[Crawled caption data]
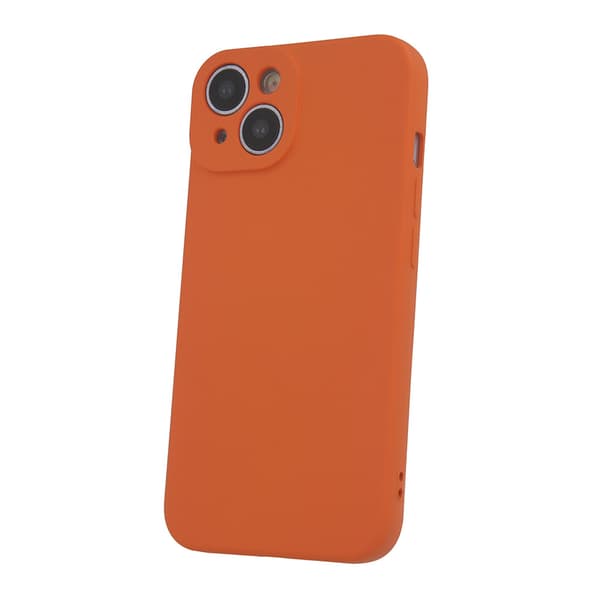 Silikonveske til Samsung Galaxy S23 FE - Oransje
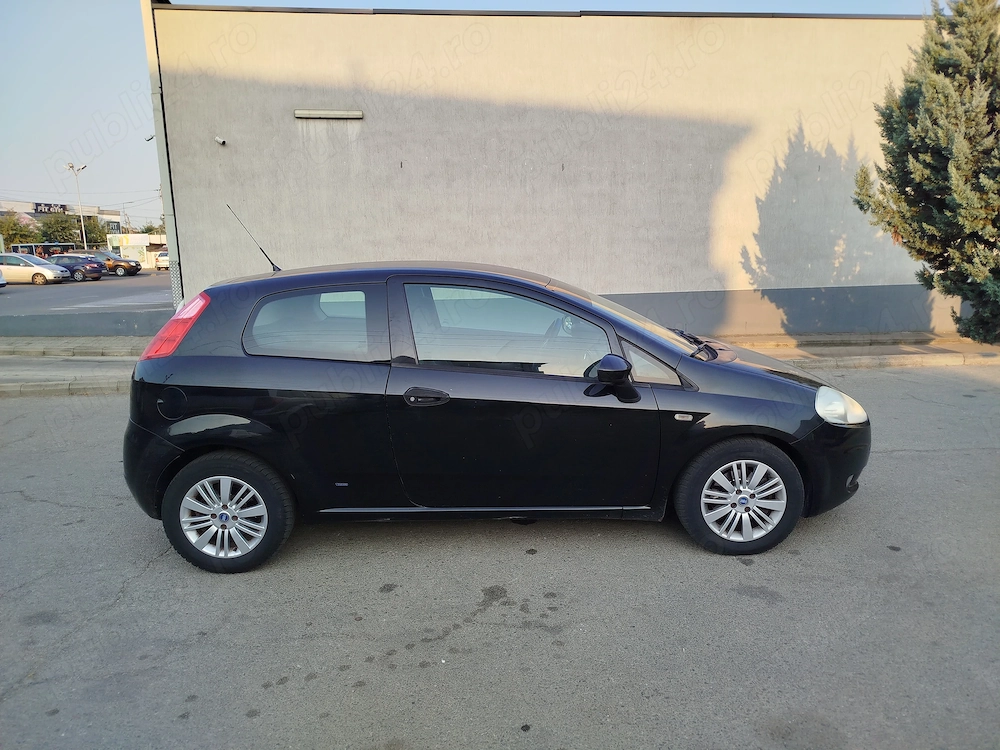Fiat Grande Punto,,2009,, euro 4,, Acte la zi 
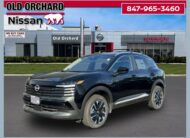 2027 Nissan Kicks SV SUV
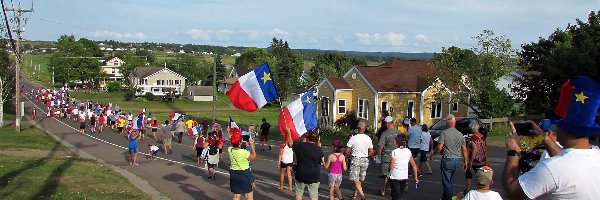 Société Culturelle de Memramcook banner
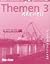 THEMEN AKTUELL 3 Arbeitsb.(ejerc.) (Vol 6) (German Edition)
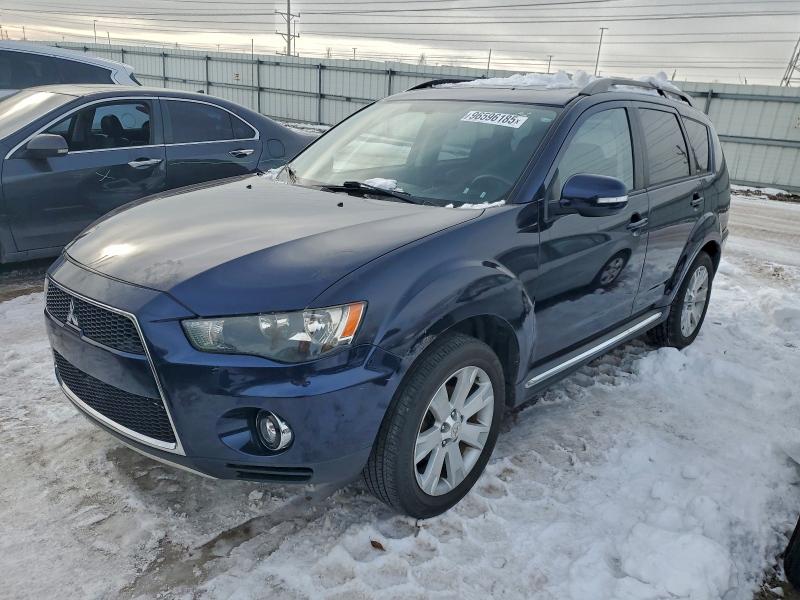 2010 MITSUBISHI OUTLANDER — VIN JA4JT3AW0AZ009630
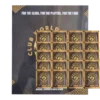 Panini FIFA Club World Cup 2025 Sticker | 1x Stickeralbum + 20x Stickertüten
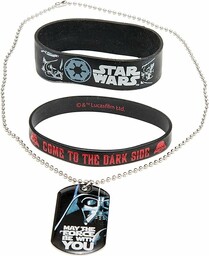 Star Wars Joy Toy 90078 Darth Vader zestaw
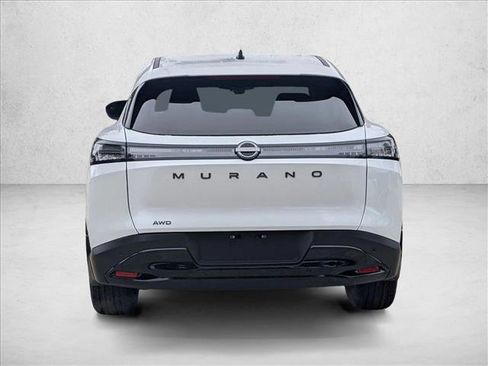 Certified 2025 Nissan Murano SV image 7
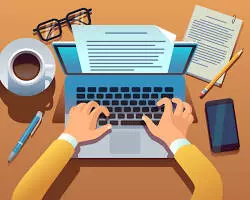 الترجمة وكتابة المقلات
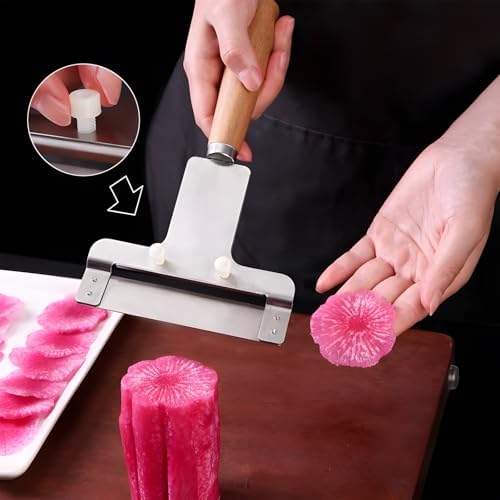 BINGONE Multifunctional Vegetable Slicer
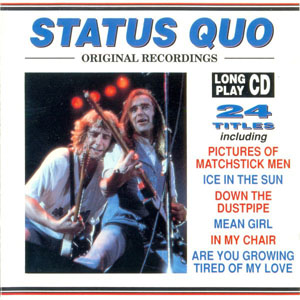 Disco Original Recordings de Status Quo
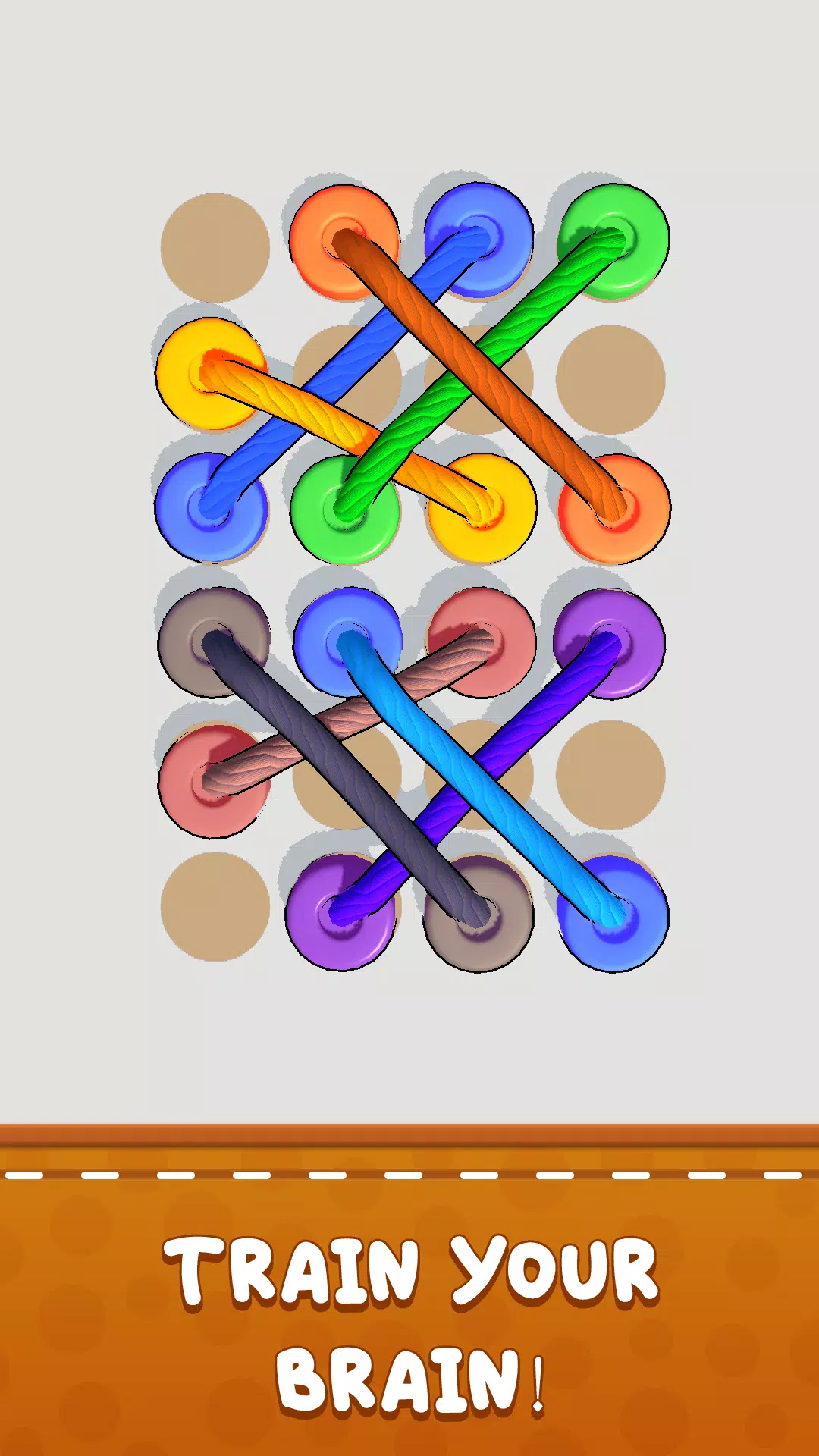 Tangle Master 3D: Rope Puzzle Screenshot5
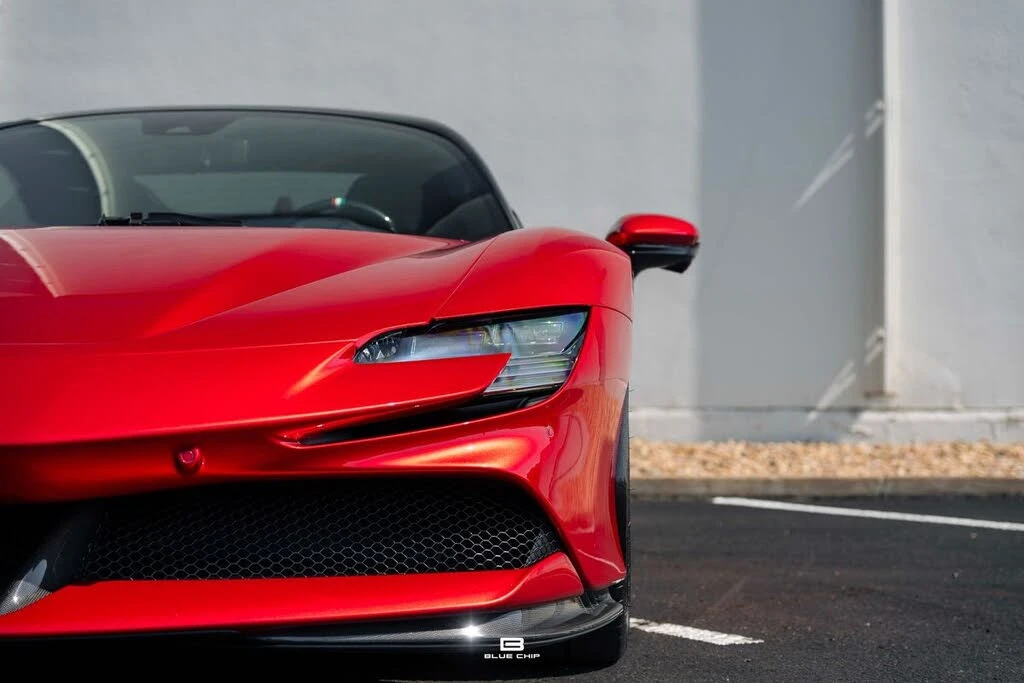 2025 Ferrari SF90 Spider - Image 16 of 31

#### [Task statement]
All of the lines above must be repeated without alteration, though the pictures are to be excluded.

#### [Result of the exercise]
 Silikonveske til Samsung Galaxy S23 FE - Oransje
Fiat Grande Punto,,2009,, euro 4,, Acte la zi 
 2027 Nissan Kicks SV SUV
 Société Culturelle de Memramcook banner
 THEMEN AKTUELL 3 Arbeitsb.(ejerc.) (Vol 6) (German Edition)
 2010 MITSUBISHI OUTLANDER — VIN JA4JT3AW0AZ009630
 Panini FIFA Club World Cup 2025 Sticker | 1x Stickeralbum + 20x Stickertüten
 Star Wars Joy Toy 90078 Darth Vader zestaw
 Certified 2025 Nissan Murano SV image 7
 الترجمة وكتابة المقلات
 BINGONE Multifunctional Vegetable Slicer
 Disco Original Recordings de Status Quo
 Tangle Master 3D: Rope Puzzle Screenshot5
 2025 Ferrari SF90 Spider - Image 16 of 31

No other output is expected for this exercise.